Item 1.01. | Entry into a Material Definitive Agreement. |
On April 16, 2024, APi Group Corporation (the “Company”) entered into an underwriting agreement (the “Underwriting Agreement”) with Citigroup Global Markets Inc., BofA Securities, Inc. and UBS Securities LLC, as representatives of the several underwriters named in Schedule II thereto (collectively, the “Underwriters”), relating to the underwritten public offering (the “Offering”) of 11,000,000 shares of the Company’s common stock, par value $0.0001 per share (the “Shares”), at a public offering price of $37.50 per share. In addition, the Company granted the Underwriters a 30-day option to purchase up to 1,650,000 additional shares of the Company’s common stock. On April 19, 2024, the Offering closed and the Company issued an aggregate of 11,000,000 Shares.
The Underwriting Agreement contains customary representations, warranties and agreements of the Company, and customary conditions to closing, obligations of the parties and termination provisions. The Company has agreed to indemnify the Underwriters against certain liabilities, including liabilities under the Securities Act of 1933, as amended (the “Securities Act”). In addition, pursuant to the Underwriting Agreement, the Company agreed, subject to certain exceptions, not to sell, offer, pledge or otherwise dispose of any shares of the Company’s common stock or securities convertible into shares of the Company’s common stock for a period of 60 days from the closing of the Offering, and to cause its executive officers, directors and certain of its stockholders to agree to lock-up provisions.
The Shares were offered pursuant to the Company’s effective automatic shelf registration statement on Form S-3 (File No. 333-271651) previously filed with the Securities and Exchange Commission (the “SEC”). A final prospectus supplement related to the Offering was filed with the SEC on April 18, 2024.

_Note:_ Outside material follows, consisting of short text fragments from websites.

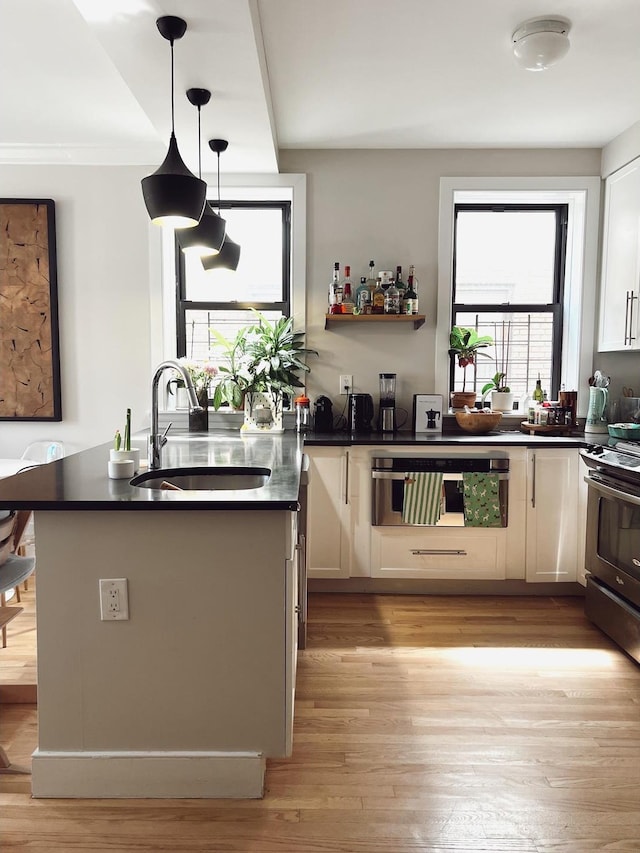 1890 Adam C Powell Blvd Unit 5C, New York City, NY 10026 - kitchen featuring a sink, stainless steel electric stove, dark countertops, and light wood-type flooring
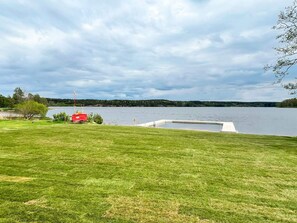 A grassy area with a dock extending into a lake, surrounded by trees and a cloudy sky. - 4 Star Holiday Home in Ammeberg (Åmmeberg)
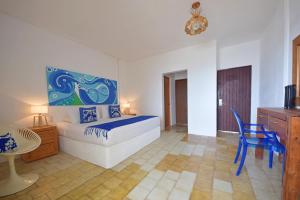 a bedroom with a bed and a table and a chair at Emperador Vallarta Beachfront Hotel and Suites in Puerto Vallarta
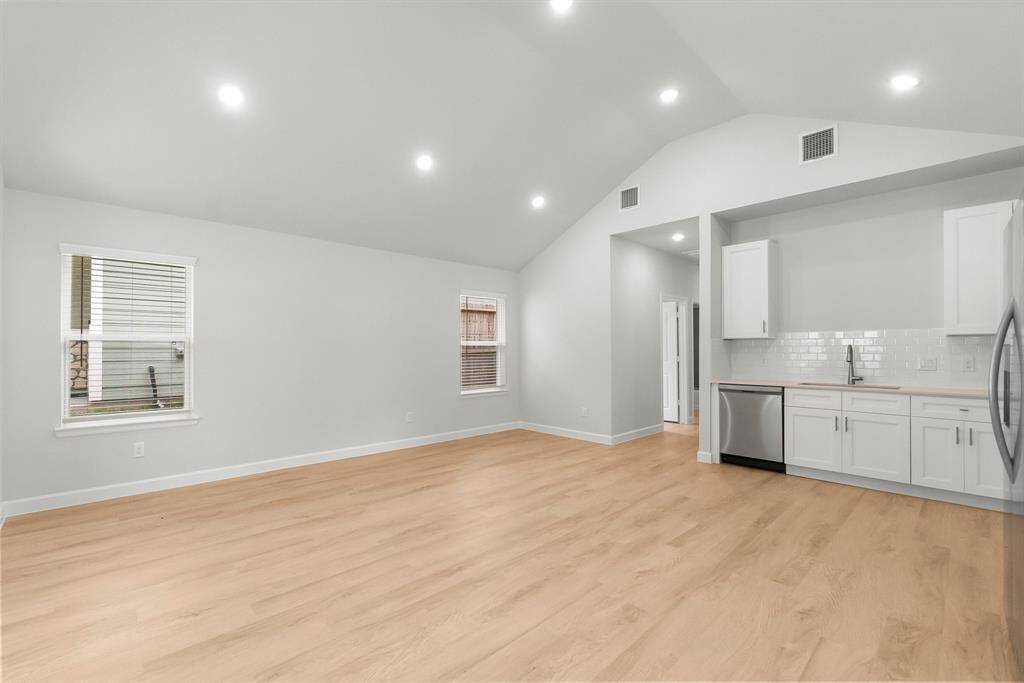 Bright and airy open-concept living area with high ceilings, recessed lighting, and light wood flooring. The modern kitchen boasts white cabinetry, stainless steel appliances, and a subway tile backsplash, enhanced by natural light from two windows.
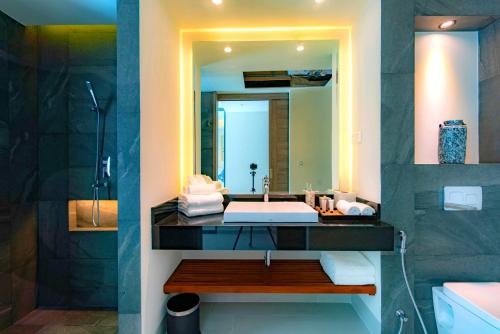 a bathroom with a sink and a mirror at Patong Heights in Patong Beach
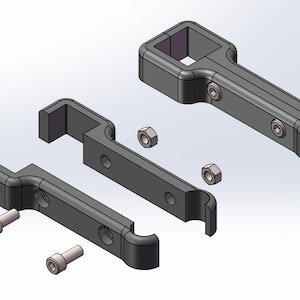 May include: Two black plastic brackets with holes for screws and nuts. The brackets are designed to be attached to a surface and have a slot for a rod or pipe to be inserted.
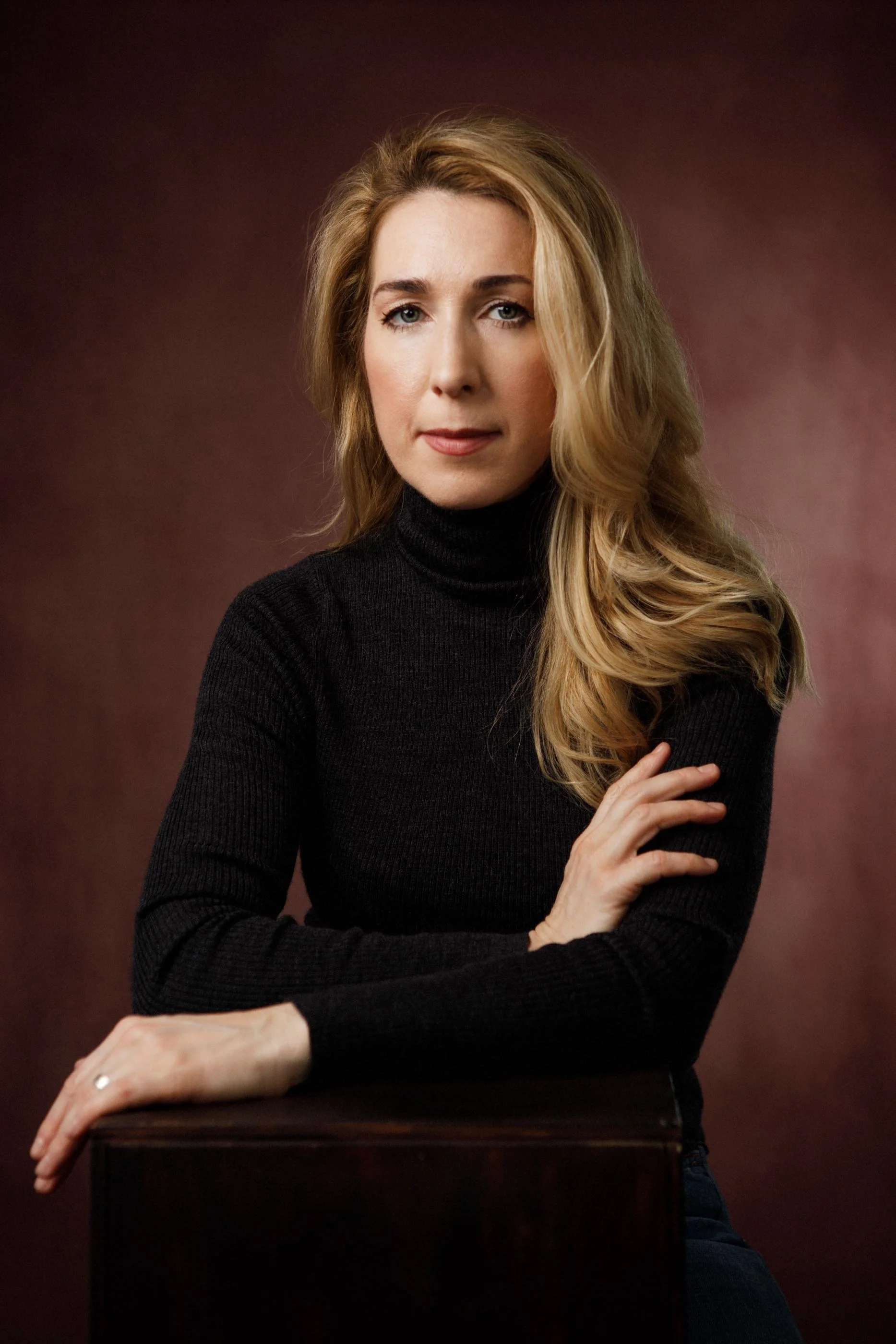 Elegant woman with blond hair and black roll neck looking into camera with dusty mauve background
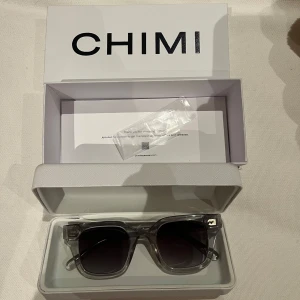 Grå transparenta solglasögon CHIMI - Snygga solglasögon från CHIMI i transparent grått acetat. Modell 04 och är fyrkantig med breda skalmar och mörka linser. Kommer med originaletui och box. Perfekta för dig som vill ha en clean och modern look.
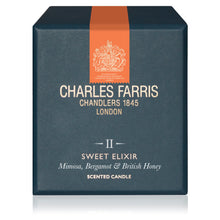 Load image into Gallery viewer, Charles Farris Sweet Elixir scented candle packaging box, featuring a dark slate blue exterior with a vertical orange stripe and cream-colored text and crest logo.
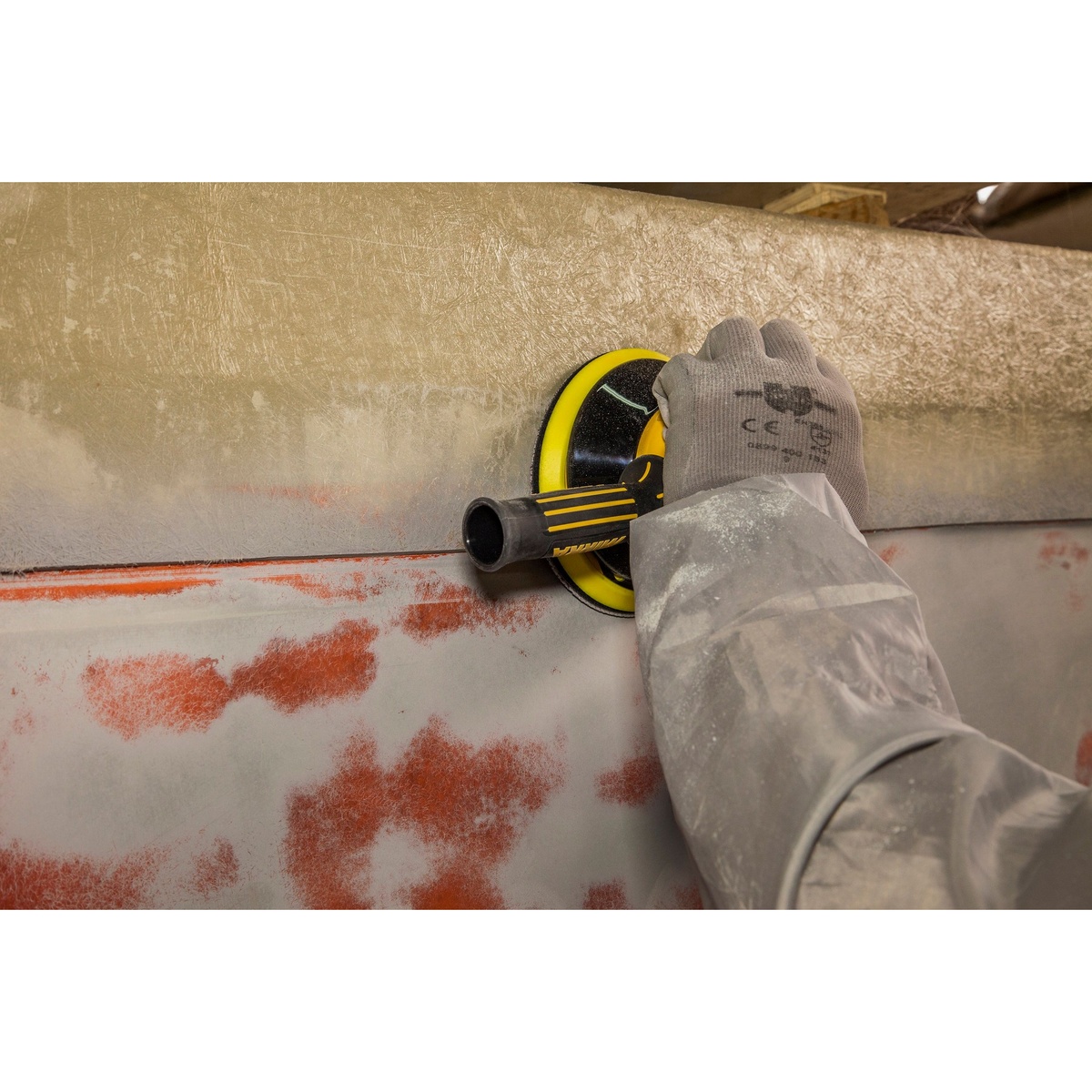 Mirka MR-610TH Two-Handed Vac-Ready Sander used with side handle on vertical panel sanding work in a production environment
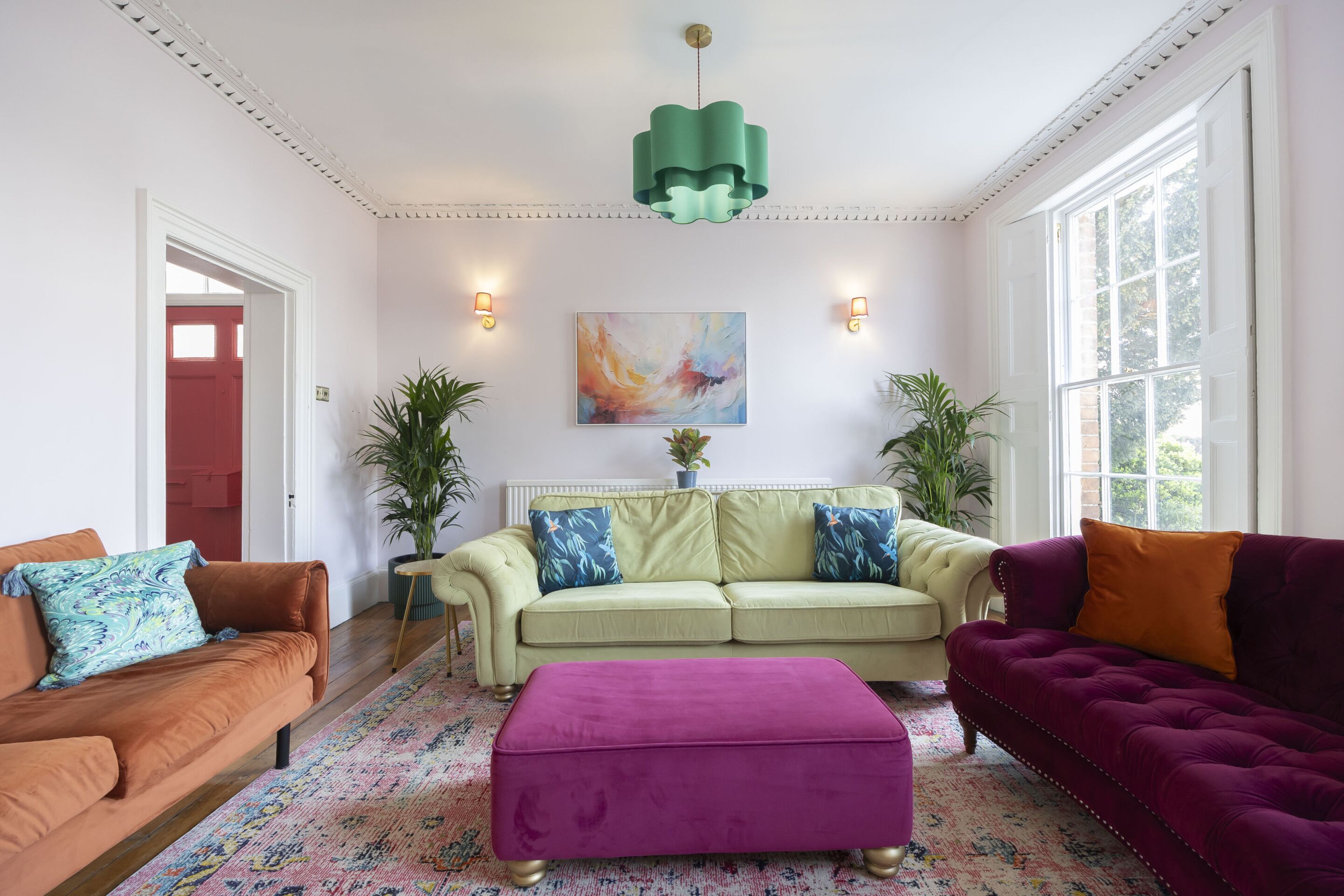 A living room with a green pendant light, a beige sofa with blue pillows, a purple sofa, and a pink ottoman.
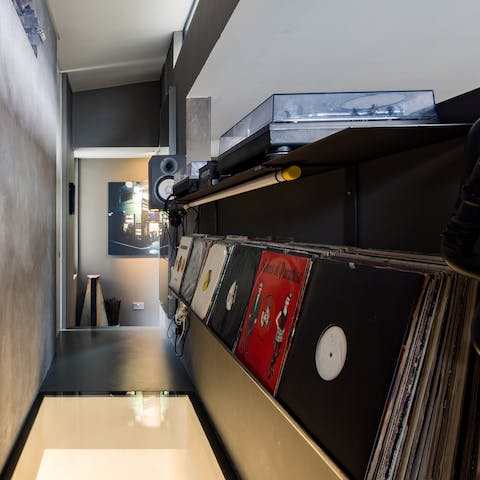 Spin some records in the DJ booth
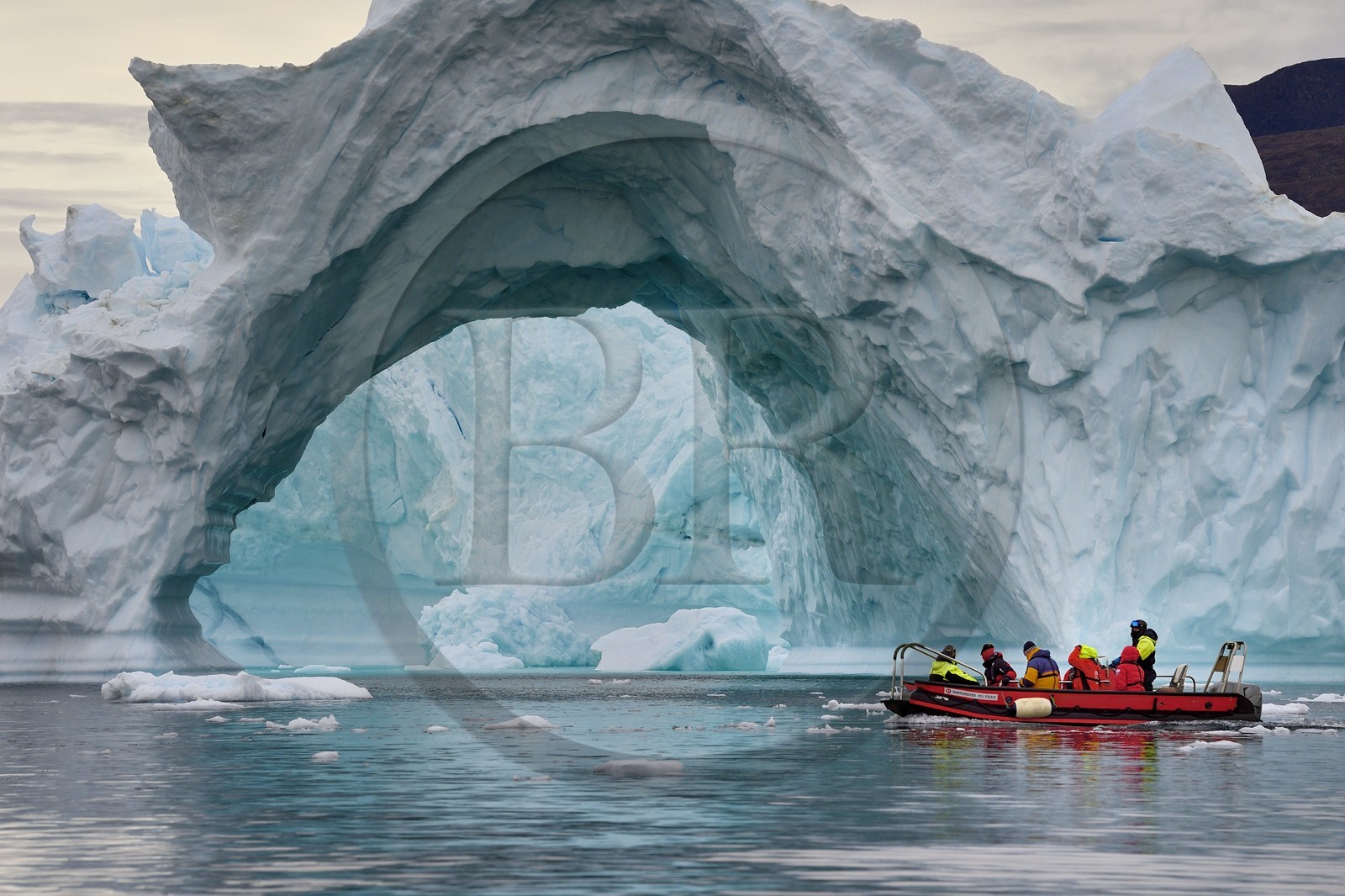 Groenland, cote Nord-Ouest, mer de Baffin, Inglefield Fjord vers Qaanaaq, iceberg formant un arche et un PolarCirkel boat (zodiac) d'exploration du bateau de croisière MS Fram de la compagnie Hurtigruten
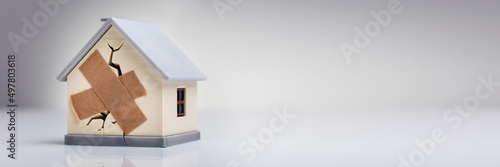 Fotografie House Model With Crossed Band Aid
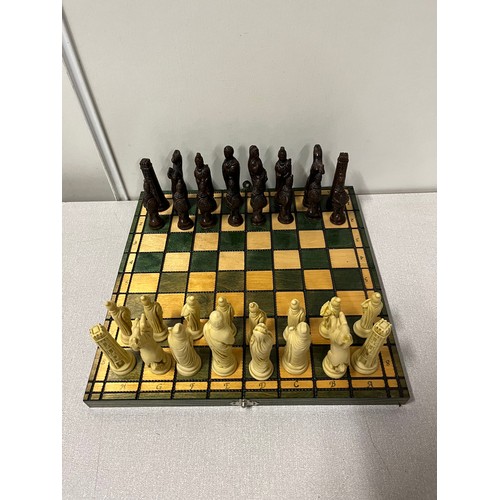 169 - Folding wooden chess set with Roman style pieces.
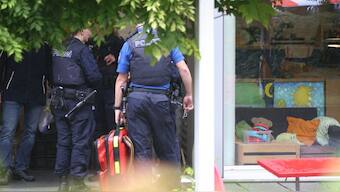 Police officers are seen outside of a daycare centre where a man attacked several children injuring three, before being arrested, in Zurich, Switzerland, on October 1, 2024. AFP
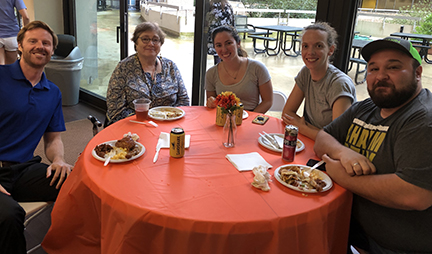 A group of people at The Hampton Plaza enjoying an End of Summer BBQ party.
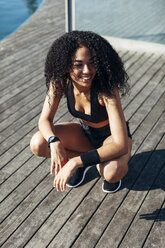 Young jogger crouching on a terrace having a rest - EBSF000742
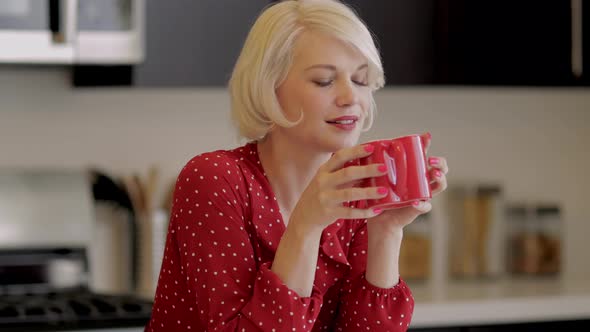 Attractive Woman Enjoying Her Coffee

Certain of the Underwriters or their respective affiliates have, from time to time, performed, and may in the future perform, various commercial banking, investment banking and advisory services for the Company and its affiliates, for which they have received (or may in the future receive) customary fees and expenses. Affiliates of certain of the Underwriters are agents and/or lenders under the Company’s credit agreement dated October 1, 2019, as amended.
The foregoing summary of the Underwriting Agreement does not purport to be complete and is qualified in its entirety by reference to the full text of such agreement. A copy of the Underwriting Agreement is attached as Exhibit 1.1 to this Current Report on Form 8-K and is incorporated herein by reference.
The legal opinion of Greenberg Traurig, P.A. relating to the legality of the issuance and the sale of the Shares is attached as Exhibit 5.1 to this Current Report on Form 8-K.
Item 7.01. | Regulation FD Disclosure. |
On April 16, 2024, the Company issued a press release announcing the Offering, a copy of which is furnished herewith as Exhibit 99.1.
On April 17, 2024, the Company issued a press release announcing the pricing of the Offering, a copy of which is furnished herewith as Exhibit 99.2.
The information furnished under this Item 7.01, including Exhibits 99.1 and 99.2, is being furnished and shall not be deemed “filed” for purposes of Section 18 of the Securities Exchange Act of 1934, as amended (the “Exchange Act”), or incorporated by reference in any filing under the Securities Act or the Exchange Act, regardless of any general incorporation language in any such filing, unless the Company expressly sets forth in such filing that such information is to be considered “filed” or incorporated by reference therein.